::: SOURCE RECORDS :::

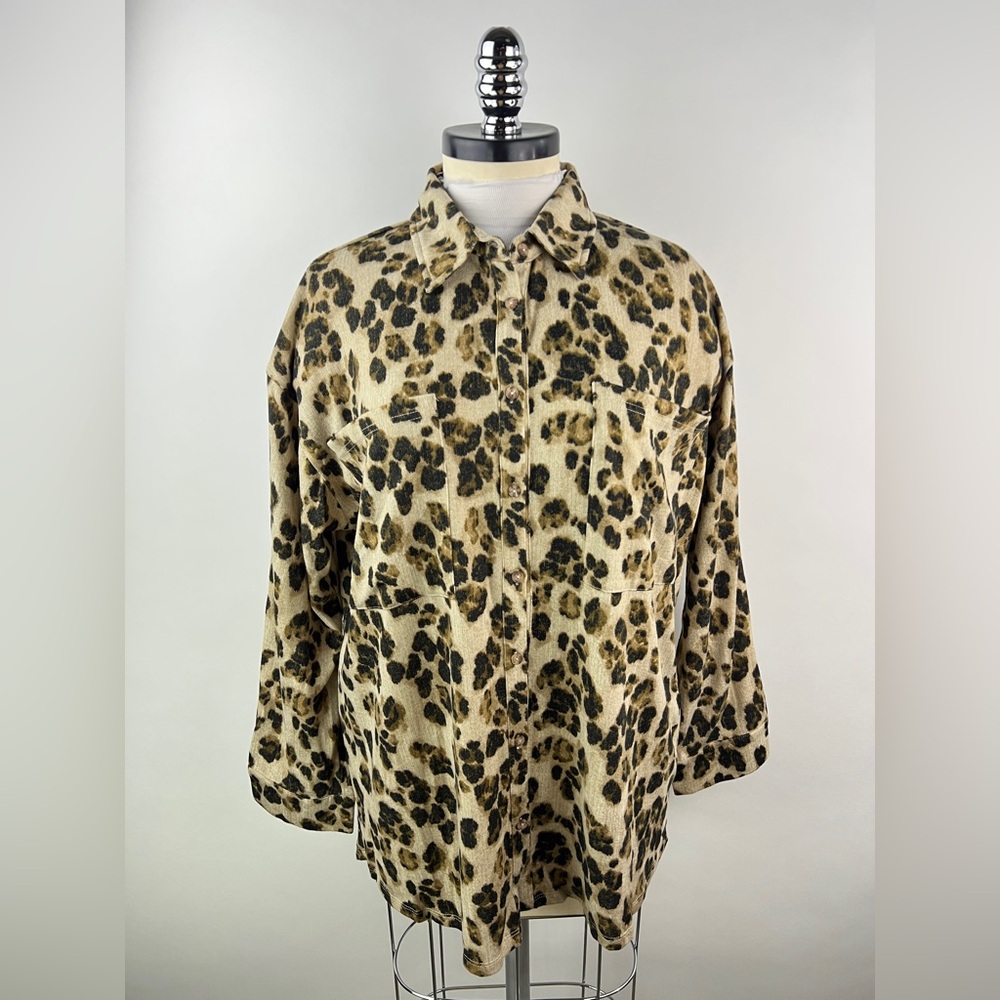 456B. Leopard Pant & Button Front Set - Picture 2 of 10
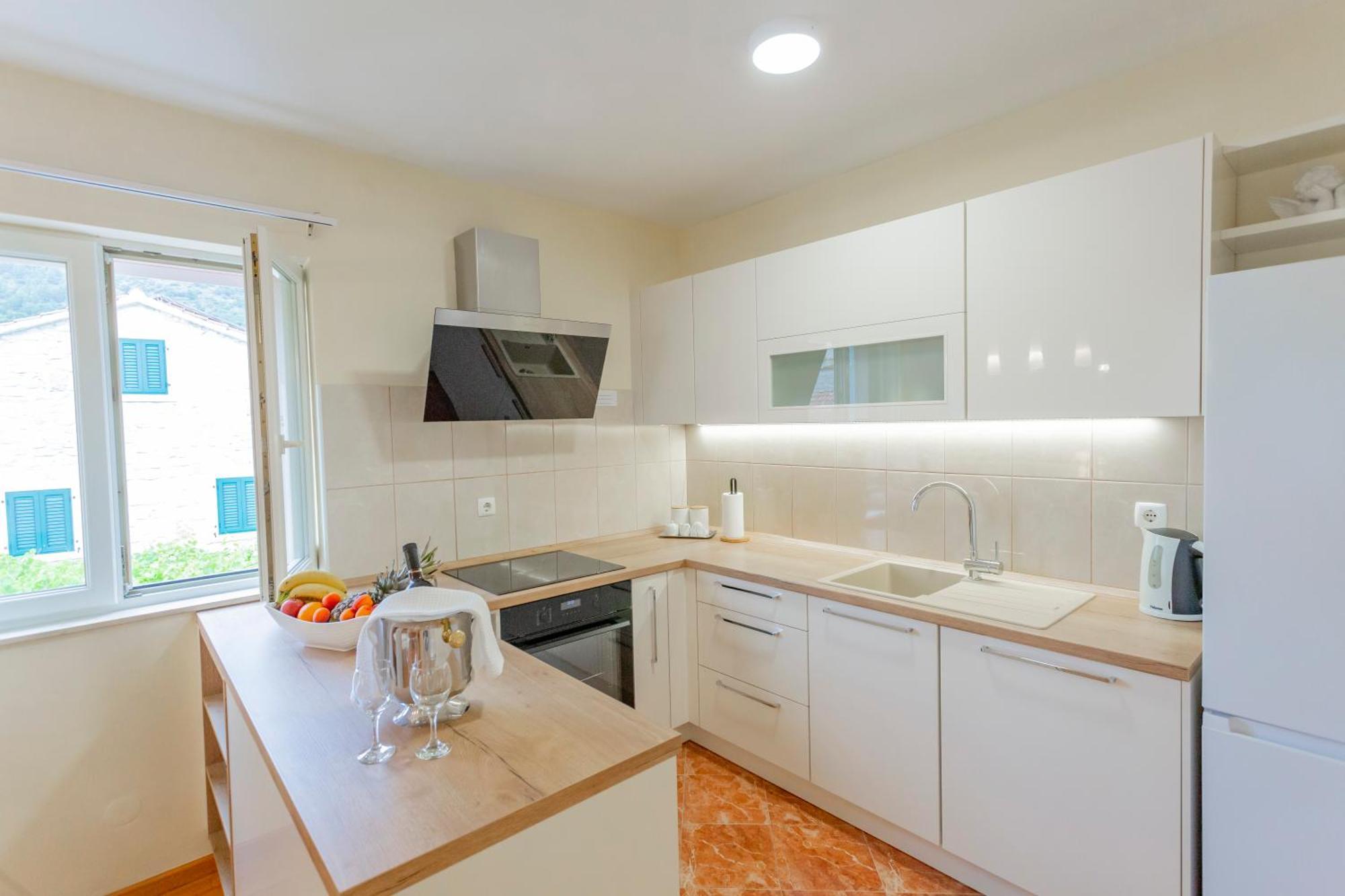 Baska Voda Apartments - Steps From The Beach, Free Parking, Central Location Εξωτερικό φωτογραφία
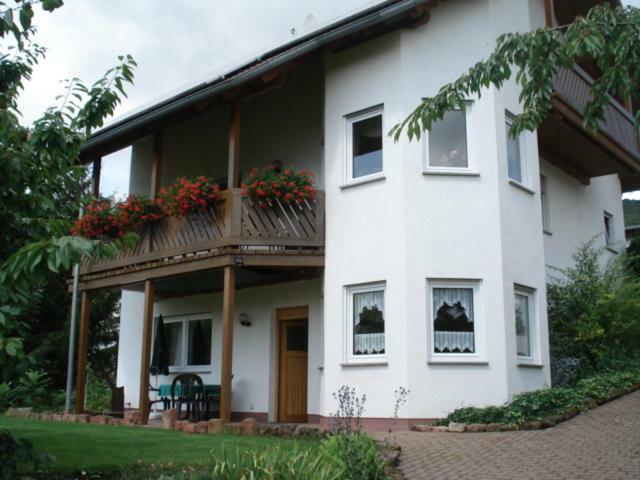 Gaestehaus Kiefer Klingenmuenster Exterior photo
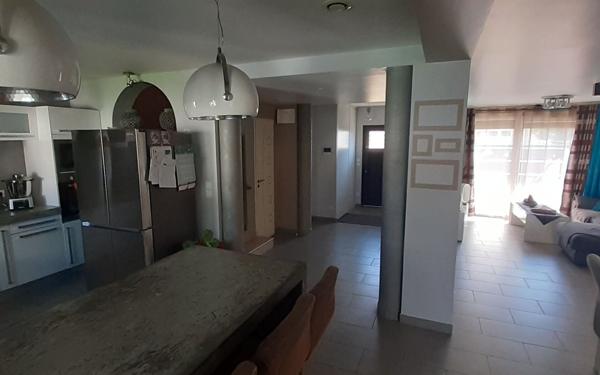 Maison à vendre    5 pièces •  Elne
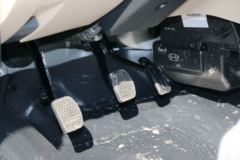 长安跨越王X5 1.5L 112马力 3.585米单排厢式小卡(SC5031XXYFRD52)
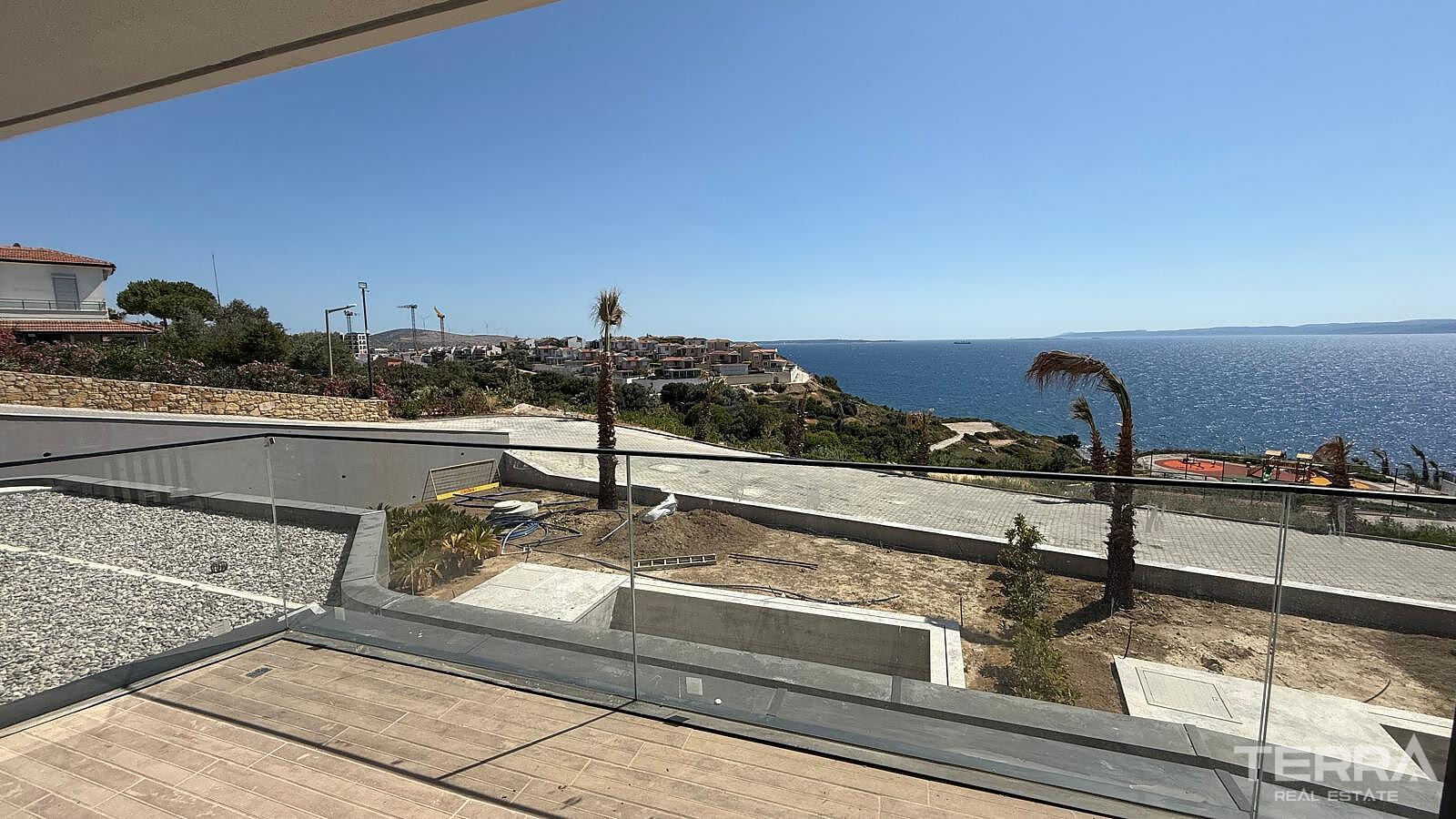Seafront Villas for Sale in Çeşme, İzmir, Turkey - 111269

:::

# WHAT YOU ARE ASKED TO DO:
Would you retype every record above exactly, leaving out the pictures?

# OUTPUT:
 456B. Leopard Pant & Button Front Set - Picture 2 of 10
 Baska Voda Apartments - Steps From The Beach, Free Parking, Central Location Εξωτερικό φωτογραφία
 Gaestehaus Kiefer Klingenmuenster Exterior photo
 Maison à vendre    5 pièces •  Elne
 长安跨越王X5 1.5L 112马力 3.585米单排厢式小卡(SC5031XXYFRD52)
Seafront Villas for Sale in Çeşme, İzmir, Turkey - 111269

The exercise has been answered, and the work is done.